Saved data entries:
-=-=-=-=-
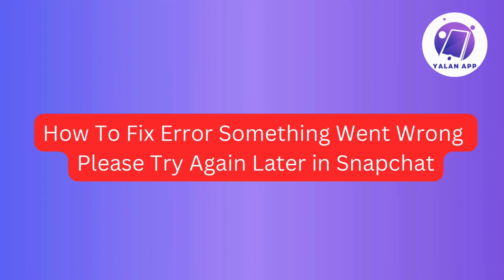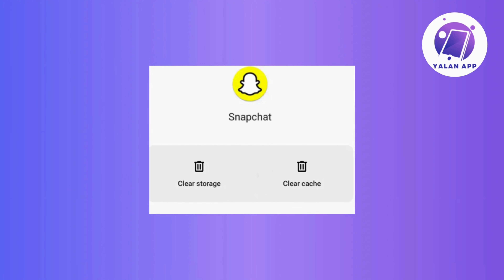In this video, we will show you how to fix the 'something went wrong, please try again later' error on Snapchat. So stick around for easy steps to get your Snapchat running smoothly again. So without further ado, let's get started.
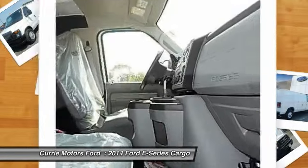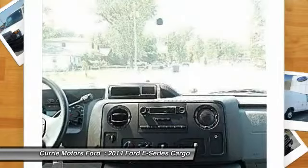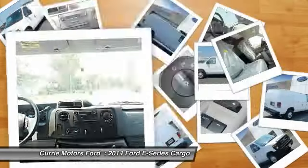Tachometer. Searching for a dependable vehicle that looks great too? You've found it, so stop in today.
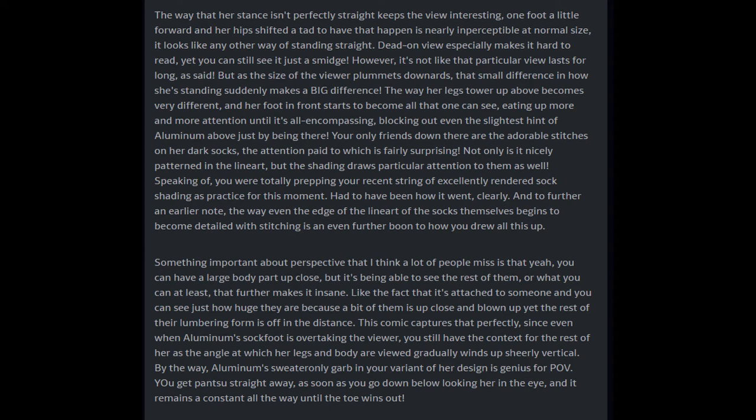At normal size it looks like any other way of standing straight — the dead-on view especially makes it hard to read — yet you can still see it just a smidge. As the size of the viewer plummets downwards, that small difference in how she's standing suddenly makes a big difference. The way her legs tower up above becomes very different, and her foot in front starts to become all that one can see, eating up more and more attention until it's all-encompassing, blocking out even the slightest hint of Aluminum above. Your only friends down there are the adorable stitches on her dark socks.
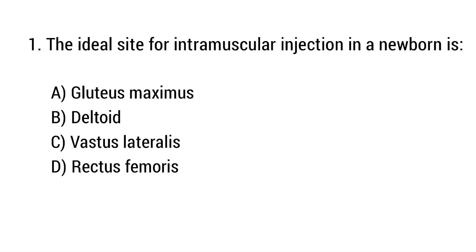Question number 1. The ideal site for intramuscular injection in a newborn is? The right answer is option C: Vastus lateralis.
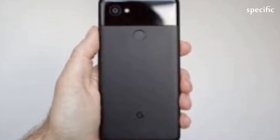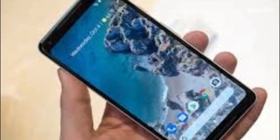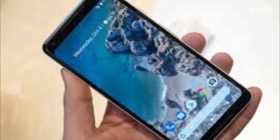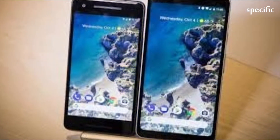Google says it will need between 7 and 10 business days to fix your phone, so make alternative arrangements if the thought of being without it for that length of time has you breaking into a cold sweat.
-=-=-=-=-
## Exercise prompt
Please repeat the data above exactly as it appears, pictures excluded.

## Your response
In this video, we will show you how to fix the 'something went wrong, please try again later' error on Snapchat. So stick around for easy steps to get your Snapchat running smoothly again. So without further ado, let's get started.
Tachometer. Searching for a dependable vehicle that looks great too? You've found it, so stop in today.
At normal size it looks like any other way of standing straight — the dead-on view especially makes it hard to read — yet you can still see it just a smidge. As the size of the viewer plummets downwards, that small difference in how she's standing suddenly makes a big difference. The way her legs tower up above becomes very different, and her foot in front starts to become all that one can see, eating up more and more attention until it's all-encompassing, blocking out even the slightest hint of Aluminum above. Your only friends down there are the adorable stitches on her dark socks.
Question number 1. The ideal site for intramuscular injection in a newborn is? The right answer is option C: Vastus lateralis.
Google says it will need between 7 and 10 business days to fix your phone, so make alternative arrangements if the thought of being without it for that length of time has you breaking into a cold sweat.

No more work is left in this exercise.